I saw a post on audiobooks, where a frequent contributor was lamenting the fact that he couldn’t find newly released books on Amazon, yet could find them on audiobooks.com (sells audio versions of books). That caught my attention, and it reminded me of another point that I’ve observed about the ebook phenomenon–high prices. And it’s mostly caused by the fact that publishers now pretty much have a monopoly on ebooks.
Publishers insist on putting DRM (copy protection) on their ebooks. That translates to the fact that if you buy a Kindle from Amazon, you’re pretty much stuck with buying books from them. If you have a Nook (from Barnes and Noble), you can’t read an Amazon ebook.
There are a few exceptions, depending on what format you download in, but for the most part, you’re locked into one vendor or the other. If you have a smart phone, tablet, etc., you can download the software for either vendor, but then you have to have two different apps that you need to switch between. As a result of all these problems, I’ve sworn off both vendors and only buy from sites that give me a DRM free, epub version. I can then keep all my books in one place, and I can easily share them between devices via dropbox. Or (horrors), give one to a friend.

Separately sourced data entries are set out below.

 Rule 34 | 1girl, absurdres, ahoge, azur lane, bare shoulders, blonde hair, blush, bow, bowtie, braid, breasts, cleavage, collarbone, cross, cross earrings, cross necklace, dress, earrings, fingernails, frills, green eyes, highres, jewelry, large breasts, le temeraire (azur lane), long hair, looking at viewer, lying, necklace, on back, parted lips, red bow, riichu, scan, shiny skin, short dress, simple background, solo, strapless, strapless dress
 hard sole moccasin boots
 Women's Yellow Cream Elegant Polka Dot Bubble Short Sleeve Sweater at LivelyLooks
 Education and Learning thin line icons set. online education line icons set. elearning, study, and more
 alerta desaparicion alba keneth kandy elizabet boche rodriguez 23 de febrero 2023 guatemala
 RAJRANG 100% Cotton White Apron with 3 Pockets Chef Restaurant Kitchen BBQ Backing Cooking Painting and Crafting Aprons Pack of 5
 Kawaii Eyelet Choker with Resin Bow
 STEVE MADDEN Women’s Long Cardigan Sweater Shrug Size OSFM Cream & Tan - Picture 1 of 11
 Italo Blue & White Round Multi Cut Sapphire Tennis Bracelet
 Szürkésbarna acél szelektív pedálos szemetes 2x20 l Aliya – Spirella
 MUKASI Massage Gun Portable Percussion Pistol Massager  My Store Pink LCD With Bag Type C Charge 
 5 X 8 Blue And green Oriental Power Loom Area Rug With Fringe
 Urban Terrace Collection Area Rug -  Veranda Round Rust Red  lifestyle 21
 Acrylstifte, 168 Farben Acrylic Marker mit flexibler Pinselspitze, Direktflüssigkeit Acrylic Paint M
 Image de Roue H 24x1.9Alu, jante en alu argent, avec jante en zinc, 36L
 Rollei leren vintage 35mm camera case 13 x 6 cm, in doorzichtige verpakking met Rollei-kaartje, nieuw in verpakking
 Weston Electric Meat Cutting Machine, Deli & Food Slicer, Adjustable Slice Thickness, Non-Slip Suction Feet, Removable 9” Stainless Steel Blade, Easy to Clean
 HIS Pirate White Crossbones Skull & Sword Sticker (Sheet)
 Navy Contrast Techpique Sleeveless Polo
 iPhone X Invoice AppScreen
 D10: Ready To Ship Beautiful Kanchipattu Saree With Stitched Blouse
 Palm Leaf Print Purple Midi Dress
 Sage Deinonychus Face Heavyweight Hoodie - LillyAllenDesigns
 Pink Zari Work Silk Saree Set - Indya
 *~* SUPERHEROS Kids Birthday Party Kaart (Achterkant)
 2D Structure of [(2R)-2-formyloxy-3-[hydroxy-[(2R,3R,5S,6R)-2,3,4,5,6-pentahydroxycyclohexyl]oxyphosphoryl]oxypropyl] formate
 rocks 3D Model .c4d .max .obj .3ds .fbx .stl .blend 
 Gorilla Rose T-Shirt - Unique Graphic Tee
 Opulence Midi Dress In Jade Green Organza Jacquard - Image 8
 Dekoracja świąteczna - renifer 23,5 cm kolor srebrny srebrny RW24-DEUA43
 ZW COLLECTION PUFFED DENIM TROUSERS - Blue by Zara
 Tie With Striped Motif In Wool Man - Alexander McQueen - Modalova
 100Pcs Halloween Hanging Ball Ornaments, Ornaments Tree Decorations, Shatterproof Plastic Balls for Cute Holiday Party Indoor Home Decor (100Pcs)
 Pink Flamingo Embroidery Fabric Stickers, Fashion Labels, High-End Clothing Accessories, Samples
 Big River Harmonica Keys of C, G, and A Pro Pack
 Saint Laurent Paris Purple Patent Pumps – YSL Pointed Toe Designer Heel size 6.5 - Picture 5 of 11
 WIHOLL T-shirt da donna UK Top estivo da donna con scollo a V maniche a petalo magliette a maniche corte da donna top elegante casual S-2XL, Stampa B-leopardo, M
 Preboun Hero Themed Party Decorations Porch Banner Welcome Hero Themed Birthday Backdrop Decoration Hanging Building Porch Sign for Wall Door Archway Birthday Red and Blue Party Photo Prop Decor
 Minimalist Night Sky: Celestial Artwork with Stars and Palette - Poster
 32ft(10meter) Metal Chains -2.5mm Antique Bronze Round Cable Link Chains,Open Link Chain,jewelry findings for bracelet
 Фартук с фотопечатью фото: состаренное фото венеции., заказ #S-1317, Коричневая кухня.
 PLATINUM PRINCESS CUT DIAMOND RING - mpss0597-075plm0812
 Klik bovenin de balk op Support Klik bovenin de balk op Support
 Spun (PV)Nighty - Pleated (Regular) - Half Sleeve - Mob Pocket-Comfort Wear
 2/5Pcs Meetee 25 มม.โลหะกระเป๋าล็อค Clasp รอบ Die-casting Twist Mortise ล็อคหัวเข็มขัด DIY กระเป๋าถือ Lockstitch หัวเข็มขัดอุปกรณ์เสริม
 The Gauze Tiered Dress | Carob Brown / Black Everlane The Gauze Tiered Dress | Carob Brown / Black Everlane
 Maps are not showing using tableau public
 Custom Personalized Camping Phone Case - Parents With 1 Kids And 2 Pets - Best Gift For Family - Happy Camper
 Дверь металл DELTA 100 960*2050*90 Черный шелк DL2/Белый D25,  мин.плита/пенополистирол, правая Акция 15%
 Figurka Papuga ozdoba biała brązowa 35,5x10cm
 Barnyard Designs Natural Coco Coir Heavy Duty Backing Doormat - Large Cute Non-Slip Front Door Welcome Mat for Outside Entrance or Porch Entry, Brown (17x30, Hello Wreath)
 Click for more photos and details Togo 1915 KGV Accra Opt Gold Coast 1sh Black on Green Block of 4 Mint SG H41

The site I buy most of my books from now is fictionwise.com. The books are generally under $10, and you can download books in a variety of formats, including epub, which is probably the most universal ebook format. Amazon will tell you their format is epub too, but it’s also got DRM as part of the format, so you can’t read on any device except theirs.
There are other sites, too, that are, unfortunately, looked on as pirate sites, although they aren’t really. For instance. tuebl.com lets you download many popular books free. The same books that you have to pay to download from Amazon or B&N. Tuebl is trying to educate people to the concept of sharing books without impediment. Any impediment, including DRM protection. Their premise is that unless the author specifically asks them to remove a book, anyone should be able to read it. It’s a very refreshing idea, especially seeing how publishers have manipulated the simple concept of buying a book into a technical nightmare.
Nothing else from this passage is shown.